Personal information
- Born: August 29, 1957 (age 69) Muping, Shandong, China
- Listed height: 1.72 m (5 ft 8 in)

Career information
- Playing career: 1973–1991

Career history

Coaching
- 1991–1995: China (assistant)
- 1995–1996: China
- 1999–2005: China Women
- 2014–2016: China
- 2021–2022: Shandong Hi-Speed Kirin
- 2025–present: China Women

= Gong Luming =

Chinese basketball player (born 1957)

Gong Luming (宫鲁鸣 (Gōng Lǔmíng); born 29 August 1957) is a Chinese former professional basketball player and current head coach of the China women's national basketball team.

==Career==
As a player, he was part of the China sides that competed in the 1988 Summer Olympics and the 1990 FIBA World Championship.

Following his retirement from playing, he became a coach and led the Chinese national team in the 1996 Summer Olympics, with an eighth-place finish.
He coached the national women's side at the 2004 Summer Olympics but they failed to make the last eight after being defeated by New Zealand.

Gong then left coaching to become an official at the Chinese Basketball Association.
In 2009 he was touted as the media's favourite to replace dismissed coach Jonas Kazlauskas at the helm of the national team, however he dismissed the speculation and pulled his name from contention.

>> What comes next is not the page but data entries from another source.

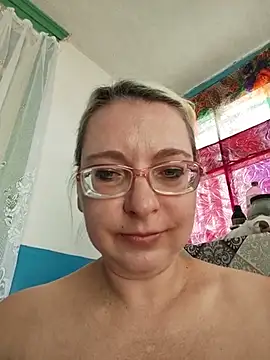 VikaKing webcam
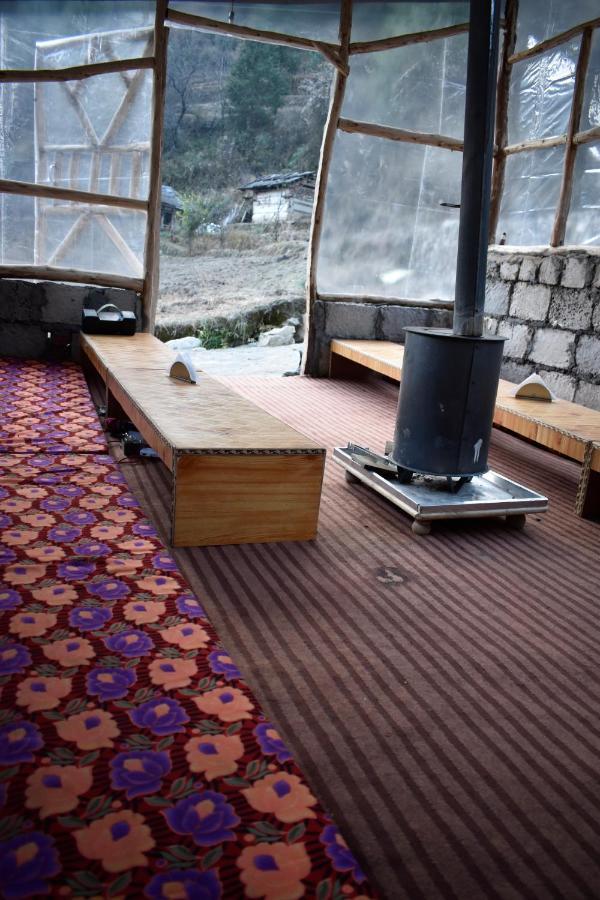 Moksha - By The River Jibhi Exterior foto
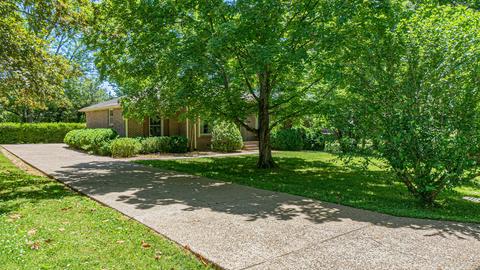 120 Sam Davis Dr, Springfield, TN 37172 photo 8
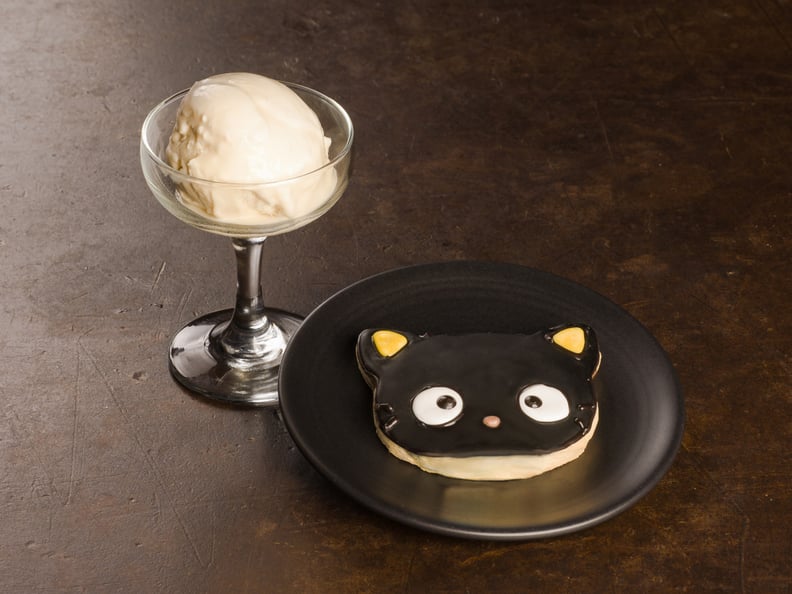 Here's the Chococat Cookie with vanilla ice cream.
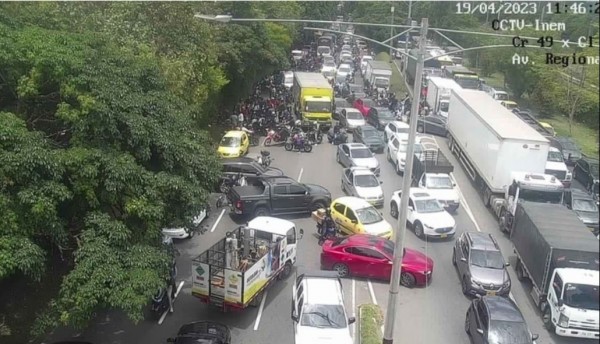 Caos en Medellín: encapuchados lanzan explosivos, ordenan evacuaciones y cierran vías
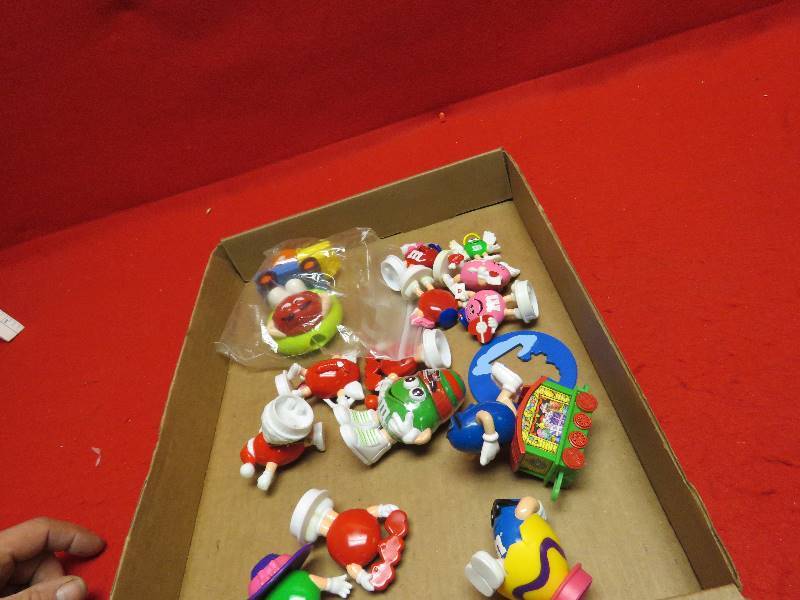 lot 180 image: M&M Collectibles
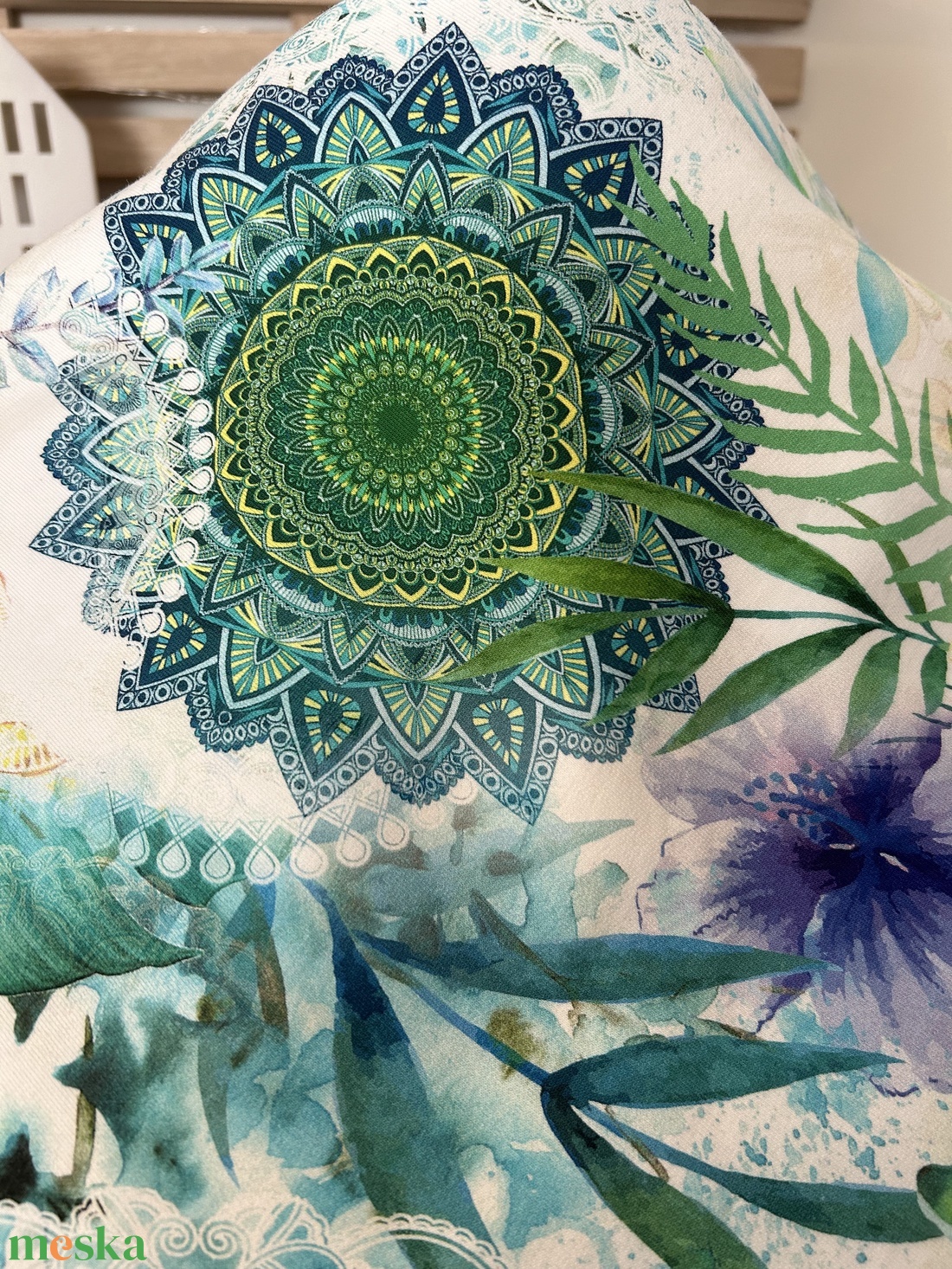 Mandala mintás sálkendő zöld, türkiz árnyalatok - ruha & divat - sál, sapka, kendő - sál - Meska.hu Mandala mintás sálkendő zöld, türkiz árnyalatok - ruha & divat - sál, sapka, kendő - sál - Meska.hu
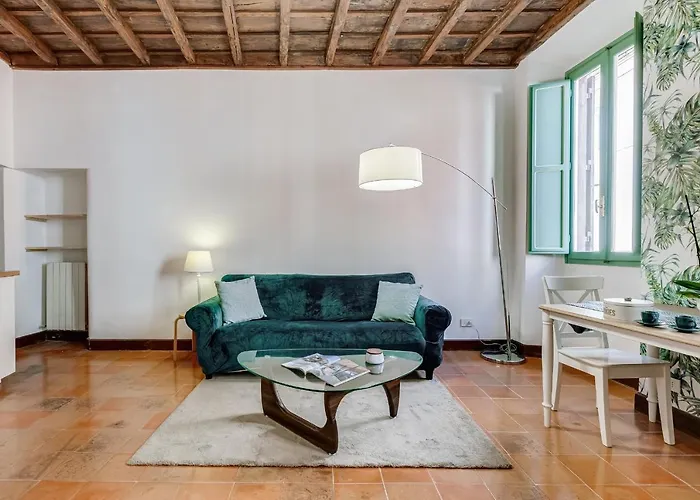 The Unique Pantheon Apartment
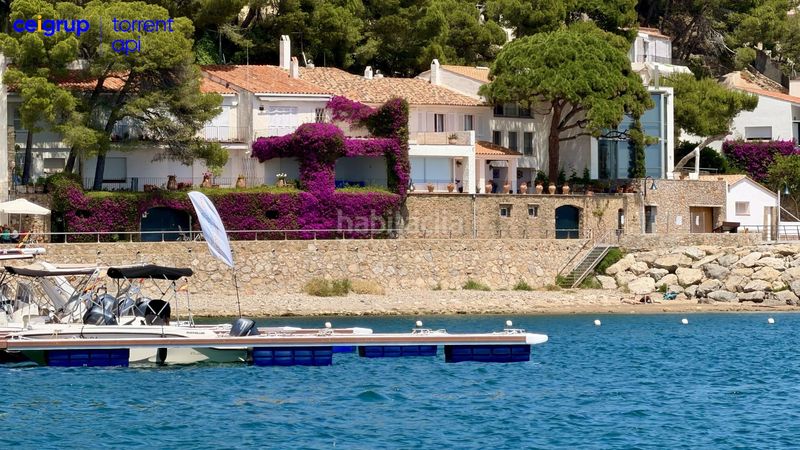 Foto e72ee0a2-2486-4b93-b44a-3f4cf67b87db. Semi detached house with heating parking in l´Estartit poble Estartit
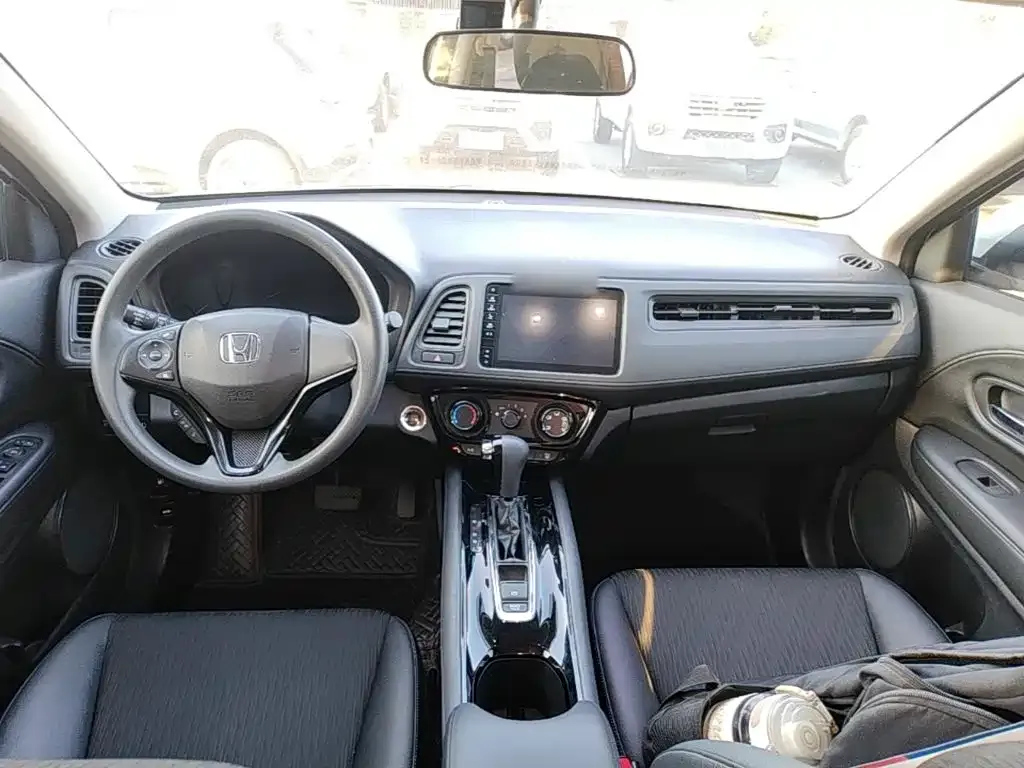 Honda Vezel 1.5L CVT Luxury 2021 — фото 10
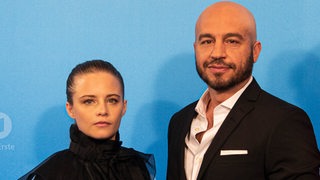 Jasna Fritzi Bauer und Dar Salim stehen für die Presse vor einer blauen Wand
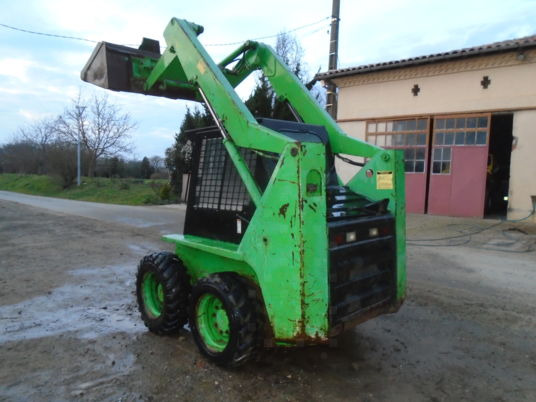 Мини челен товарач Gehl SL 4635: снимка 7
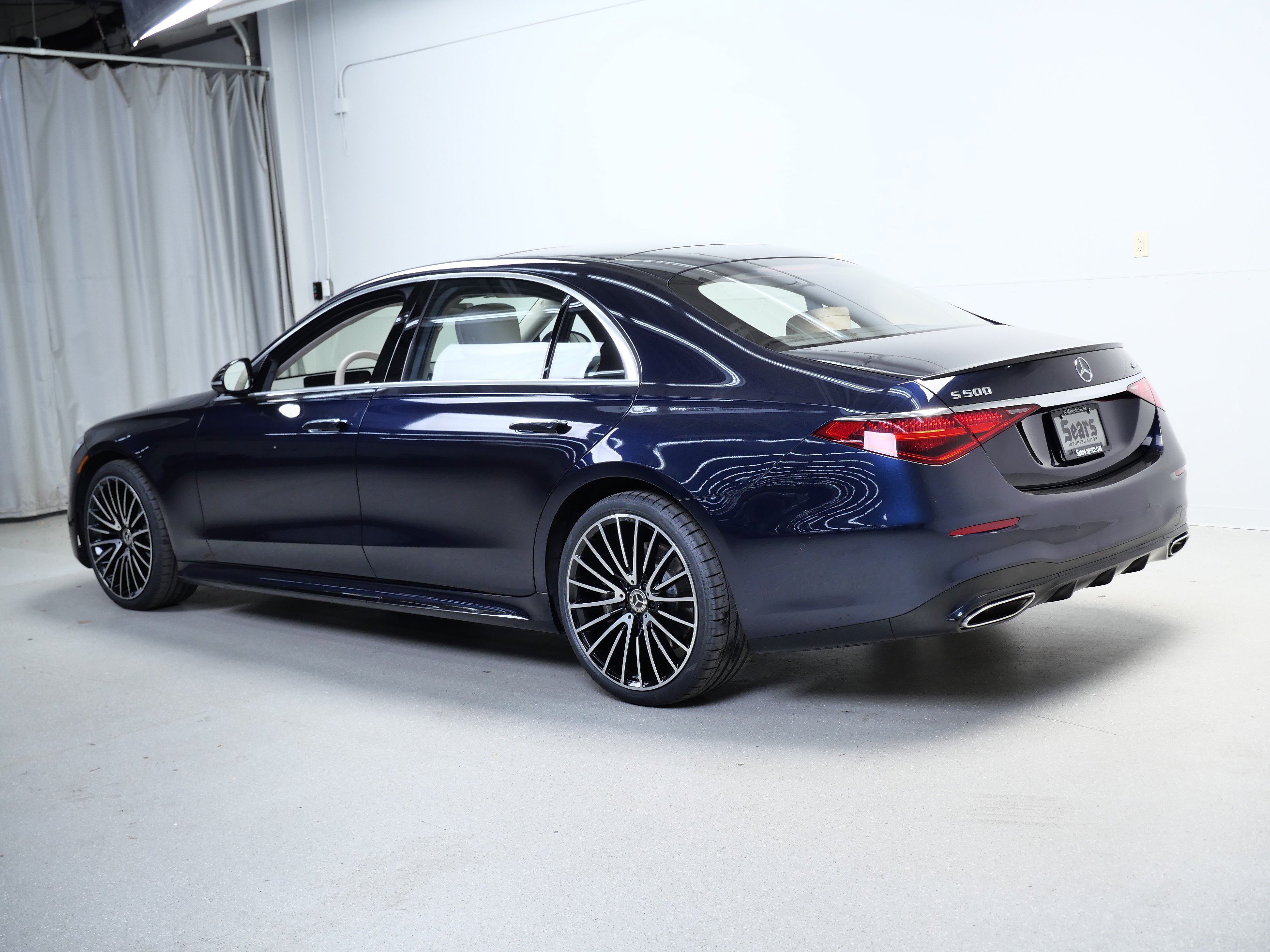 Used 2022 Nautical Blue Metallic Mercedes-Benz S 500 image 11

He would finally return to coach the Chinese national men's team in early 2014 with the task of rebuilding the team after a dismal 2013 FIBA Asia Championship that had cost his predecessor Panagiotis Giannakis his position after a quarterfinal exit.
After leading China to the 2015 FIBA Asia Championship title, Gong was confirmed in his position in order to lead the side in the 2016 Olympics.

Gong resigned from his post as the head coach of the Chinese national team on January 6, 2017.